The new ABI report on this front reports that worldwide mobile operator capital infrastructure expenditure for 2013 will experience opposing forces, depending on which regional markets the mobile services providers operate in. In North America, for example, mobile carrier CapEx will grow 2.1 percent to $13.4 billion. This increase is due almost entirely to the ongoing and accelerated growth of LTE, which in turn drives LTE equipment spend.
AT&T, Verizon Wireless, T-Mobile, and Sprint are all concentrating spending in 2013 on this front.
In Western Europe, however, the report forecasts that capital expenditure will contract by at least 1.1 percent, as maturing networks and economic uncertainty trim CapEx. These same factors suggest revenue pressures on the carriers in this regional area as subscribers hold back on their own spending. LTE build-out in Western Europe has not been aggressive - especially relative to North America, and as revenue pressures hit the carriers, CapEx is decreasing - limiting the expansion of services these carriers can provide.
In a sense it’s a catch-22, but unless economic uncertainty decreases nothing will change here.
The Asia-Pacific region on the other hand, is a mixed bag of aggressive build-outs and "wait and see" strategies. South Korea and Japan are rapidly acquiring LTE subscribers and adding LTE capacity. China, perhaps counter-intuitively, given its huge and growing mobile subscriber base, hasn't yet awarded any LTE licenses. The Southeast Asia countries are starting to demonstrate some traction in LTE but even here - again these areas with rapidly growing mobile subscriber bases - aren't moving as quickly as one might expect.
India, for example, had awarded some LTE-TDD licenses in early 2012 but a lack of affordable LTE-TDD capable handsets, and high tariffs, have kept Indian LTE-TDD subscriber adoptions in check.
In Eastern Europe, on the other hand, looks to be better positioned and more progressive. As might therefore be expected, ABI's forecasts anticipate reasonable growth here of 2.4 percent in CapEx. As with North America, this increase directly reflects LTE coverage build-out by carriers.
However, there is also a key build-out in 3G capacity. Why? Because 3G subscriber adoption has risen beyond 41 percent penetration for the region.
The Middle East, Africa and Latin America will show likely growth in capital expenditure of around one percent to 3 percent. These markets are markedly different than their more developed counterparts. Here, voice-centric coverage is still important, and is now largely complete. Some operators are beginning to address 3G in-fill and mobile data capacity challenges, but it is absolutely clear that there has not been a "data crunch" here yet - certainly nothing like we continue to see in the developed markets.

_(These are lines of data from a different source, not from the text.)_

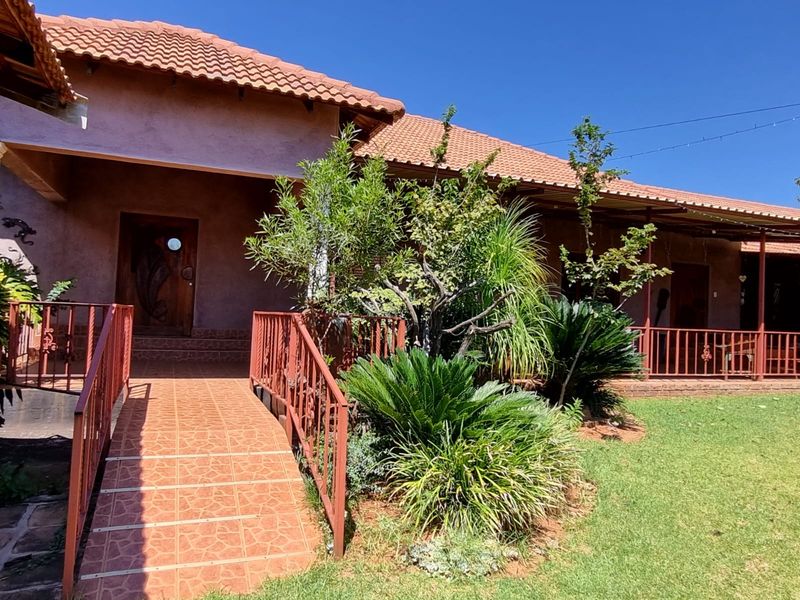 A well-maintained rear exterior view featuring a tiled access ramp, metal railings, and a covered patio area with terracotta roof tiles.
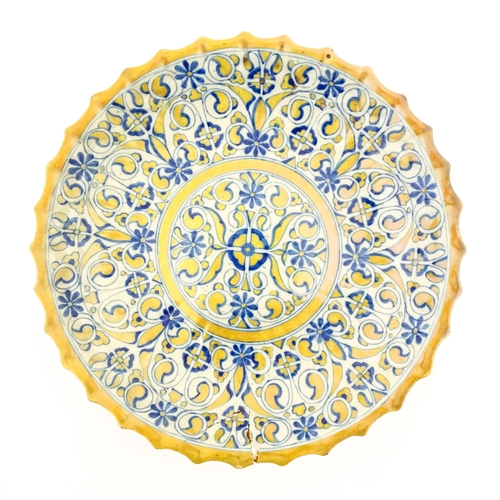 69 - An Italian Cantagalli lustre charger decorated with scrolling floral and foliate detail in blue and ... 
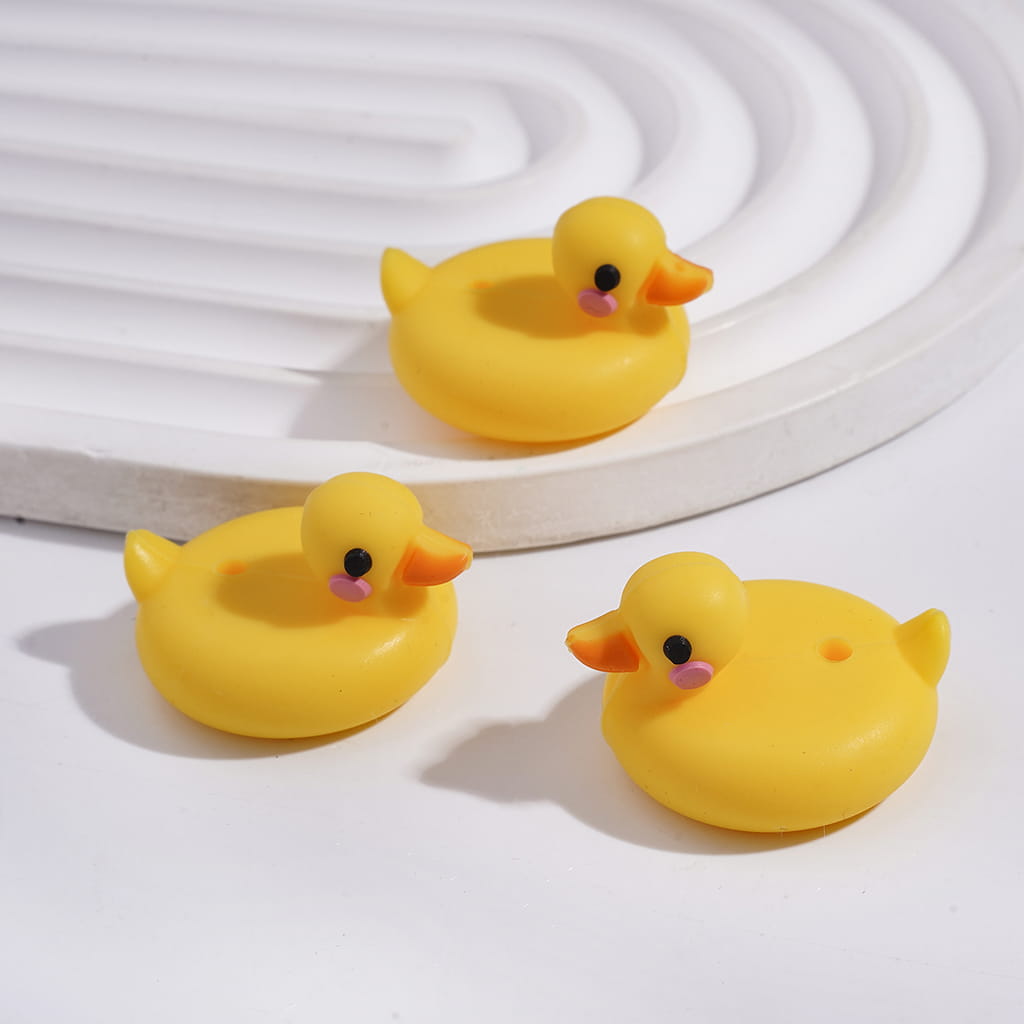 Three yellow rubber duck toys on a white background

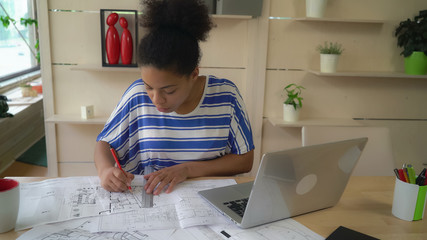 mixed race worker in architectural agency working with sketch holding pencil and ruler. Young professional woman sitting at the desk.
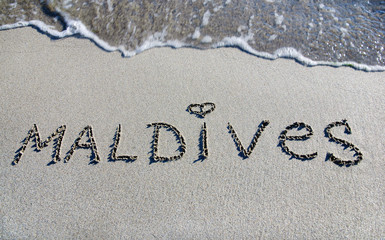 word Maldives outline on the sand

What is the overall end result when each of these markets is evaluated as a global whole? As a result of the countervailing fiscal forces and data needs outline above suggest, ABI forecasts that worldwide capital expenditure will contract by seven percent to $98.6 billion in 2013.
As the rest of the world begins to build up demand for wireless data, this global CapEx number will change. In fact it will happen quickly, and ABI predicts that because of ongoing and emerging LTE build-outs we can expect to see a substantial global boost overall in mobile carrier CapEx. In dollars, ABI translates this into growth of 6 percent to $ 104.5 billion in 2014.
That is a substantial change from one year to the next.